Simon & Garfunkel quickly scored record deals, dominating radio with hit folksy pop songs like “The Sound of Silence,” “Scarborough Fair/Canticle,” “Cecilia,” “Homeward Bound,” “Mrs. Robinson,” and the iconic Bridge Over Troubled Water, which won six Grammys and remains among the bestselling records ever.

After Simon & Garfunkel broke up in 1970, Garfunkel began an illustrious solo career, acting in movies with his friend, director Mike Nichols, having previously collaborated on The Graduate soundtrack. He was cast in Nichols’ films Catch-22 and Carnal Knowledge, as well as other movies, wrote poetry, and walked across America, but music remained his first love. As a solo artist, he released his first of 12 albums, Angel Clare, in 1973, and still delights in performing today.

Garfunkel will bring his singular voice to the Tarrytown Music Hall on August 10 for a roughly 80-minute musical performance, interspersed with readings from his collection of musings in his 2017 book, What Is It All but Luminous: Notes from an Underground Man.

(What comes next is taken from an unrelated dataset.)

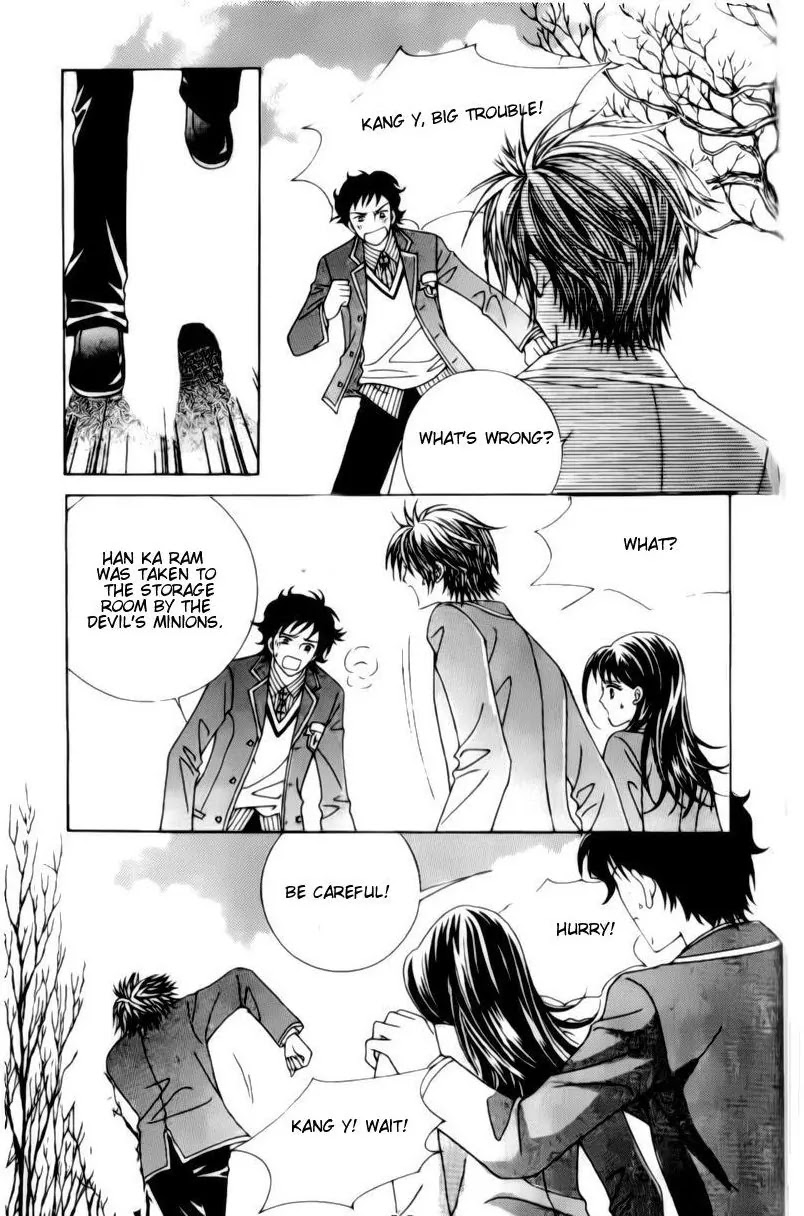 A Tackle On My Life Chapter 20 page 42 - Chapter 20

“It’s 70 percent singing of songs and 30 percent reading these things I’ve been writing,” he says of the show, which will include Simon & Garfunkel hits, as well as selections from his solo albums. This stripped-down concert will feature Garfunkel backed only by a guitar player, Tab Laven, and Paul Beard on piano. “That’s all,” notes Garfunkel, “less is more.”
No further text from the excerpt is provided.